Friday, August 5, 2011

“I Vote For The Lollipops Guy!”

A friend of mine was trying to explain to his children the significance of the debate going on over what to do about our national debt.
He showed them a clip of something you’ve probably seen: the National Debt Clock in New York City. On Monday, the National Debt Clock said our national debt was more than $14.4 trillion, and it said each family’s share of this monstrous total was $122,303.
Steve tried to explain the situation this way to his kids:
“Who would you vote for? Someone who promises to give you lollipops every day at school, even though he can’t afford them? Or someone who says he needs to take your desks away because we can’t afford to pay for them?”
His 8-year-old piped up, “I vote for the lollipops guy!”
And of course, that is the problem. Ever since Franklin Delano Roosevelt made the redistribution of wealth the official policy of the United States, a majority of our citizens have been voting for “the lollipops guy” a majority of the time. We’ve reached the shocking situation in which more of our citizens receive something from government than contribute to paying the bills.
“How do we fix it?” Steve’s children asked. Here’s what he said:
“As a good person, you need to keep your promises. So if someone earned lollipops this year, they should get them. But if you don’t have the money to buy lollipops in the future, you have to stop promising to give away lollipops.”
Sounds simple, doesn’t it? Just promise to stop giving away lollipops.
But of course, the Harry Reids, Nancy Pelosis and Barack Obamas of the world will never agree. More to the point, they will never voluntarily relinquish the power, perks and prestige that pandering to greedy constituents has given them. They know that if they have to start taking away lollipops, their popularity will plunge faster than Congress’s credibility.
We made a huge start toward turning things around last year. The big spenders in Washington (and in many of our State governments) are still in shock over the number of Tea Party types who got elected in November 2012 — and not just the Young Turks in the House, or the lions of liberty like Rand Paul, Marco Rubio and Mike Hill in the Senate.

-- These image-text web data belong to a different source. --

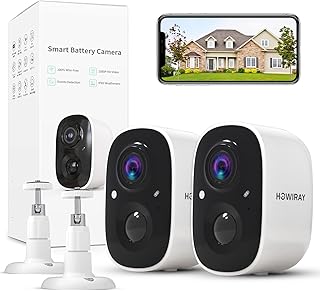 HOWIRAY Wireless Outdoor Security Camera, Battery Powered Cameras for Home Security Wireless WiFi with Night Vision, Motion Detection,Siren Alarm,Spotlight,2Way Audio (Whitex2)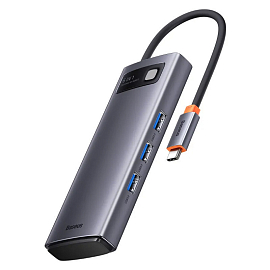 Хаб (разветвитель) Type-C - 2 x HDMI, 3 х USB 3.0, Type-C PD Baseus Metal Gleam WKWG030113 серый
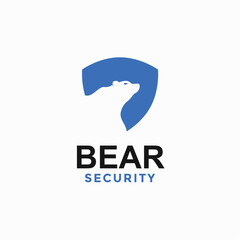 bear security simple logo in negative space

No, the changes at the State level are even more stunning — and may be more significant. Several States are now openly defying the dictates from Washington. They’re suing to stop Obamacare, demanding that they be allowed to combat the flood of illegal aliens pouring into their State. They’re challenging teachers’ unions and other public workers groups. They’re trimming payrolls, cutting pensions, ending featherbedding and demanding that people do an honest day’s work for an honest day’s pay.
Ladies and gentlemen, the revolution has begun!
We may not all agree on the best strategies and tactics that should be employed. That’s fine with me. This is not a one-size-fits-all movement. There’s plenty of room for plenty of approaches. I, for one, would like to see more attention paid and more resources devoted to the nullification movement. Imagine what would happen if more State governments told Washington: “We don’t like that law. And we’re not going to let you enforce it here.”
This is not the only strategy Constitutionalists can adopt to combat the overweening reach and power (and taxation) of our Federal government. How about getting Congress to demand appellate jurisdiction over what cases the courts can rule on? You hear a lot about the checks and balances the Founding Fathers built into the Construction. But you don’t hear much about the power they gave the legislature to check an out-of-control judiciary. But it’s there, folks. And I, for one, would love to see it used.
We don’t all have to support the same solution. Just as competition makes products better, it will make causes better, too. I’m not going to tell you which ones I think are most worthy of your support and which ones aren’t. (At least not very often.)
The critical thing is that you do something. Become a puller at the oars and not just a passenger in the boat. Want to do something right now? Send a friend this column and urge him or her to subscribe to Personal Liberty Digest™. That will certainly help get him informed, educated and alarmed.
Remember the lesson of Seymour Durst. He’s the gentleman who created the first National Debt Clock. When he mounted it at the northwest corner of Sixth Avenue and 42nd Street on Feb. 20, 1989, the number was less than $3 trillion. The original clock didn’t even have space on it to hold one more digit; it had to be rebuilt when our debt hit $10 trillion.
Now, the debt is over $14.4 trillion and rising so rapidly that the last numbers on the clock revolve so fast, they’re just a blur.
This week, Congress faced the most important choice this country will make this year: whether to stop the madness or to continue to pile debt on the backs of our children and our children’s children?
Unfortunately, Congress decided to go the route of the lollipops guy.